The danger of simple examples

When discussing language syntax, people often resort to small examples using simple variables like foo or x, almost like “meta-syntactic variables”, i.e., to make clear these tokens are outside of the syntax under discussion.

One dangerous side-effect, though, is that these variables are always short and sweet. And syntax that works well with short variables doesn’t always work as well in real-world situations where they have to deal with the rest of the language.

Case the first

Recently we were discussing multiple assignment style in the Lua mailing list.

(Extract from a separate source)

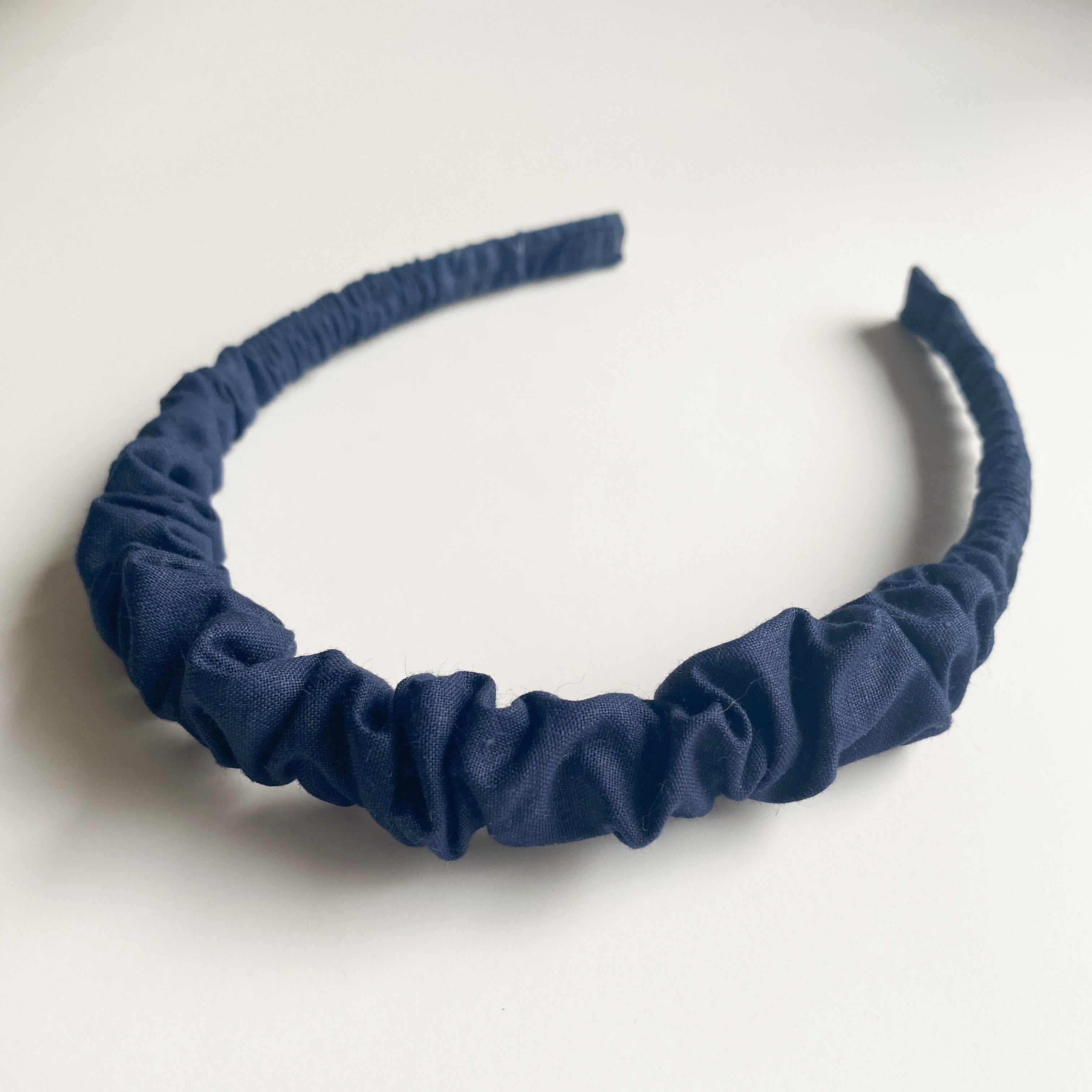 Cintillo repollito  - Azul marino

Someone suggested this:

local a, b, c, d =
      e, f, g, h

…which makes the assignments “more parallel” than a single line and avoid writing lots of locals.
I think this a case where the over-simplified example is misleading.
With real-world looking variables, it would look more like

local cfg,              constraints, module_name,          initial_path =
      "default_config", {},          get_module_name(ctx), "/etc/myapp/default.config"

So yeah, It looks pretty with a, b, c but in the real world with significant names, this becomes a pain to maintain, and when we stuff too much in a single line, diffs are harder to read.

Case the second

Things always look good in tiny examples with single-letter variables. Which brings me to a gripe I have with an often-suggested Lua idiom: the famous t[#t+1] = v to append to arrays.

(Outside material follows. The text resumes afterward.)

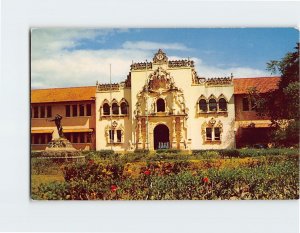 Postcard The Normal School in Santiago, Panama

The reason why I think it’s so disengenious to defend t[#t+1] = v as the preferred idiom for appending to an array is because it looks good with a single-letter variable and five-line tutorial examples, but in the real world we use nested tables. In the end, table.insert(my.nested[data], v) is both more readable and avoids repetition:

Note how it’s not even necessarily shorter: in this realistic example the variable name dominates the size of the statement:

table.insert(my.nested[data], val)
my.nested[data][#my.nested[data] + 1] = val

Do I think table.insert is too long? Yes I do, I wouldn’t mind having a shorter idiom (many were proposed in the Lua list over the years, most of them were fine, but I’m not getting into them because we risk delving into syntactic bikeshedding again, so let’s avoid that).

Do I think it’s worth it to add local tinsert = table.insert to every program? No, I think this is worse than the t[#t+1] = v idiom, because I hate having to guess which abbreviation the module author used to write a shorter table.insert in their code (I’ve even seen local append = table.insert in the wild!). And then again, the abbreviation doesn’t gain us much: being comfortable to read is more important than being comfortable to write, but being easy to maintain is just as important if not more.

And yes, it is important to ponder what are the differences between being “easy to read”, “easy to write” and “easy to maintain”. And when pondering those, watch out for misleading short variables in the examples!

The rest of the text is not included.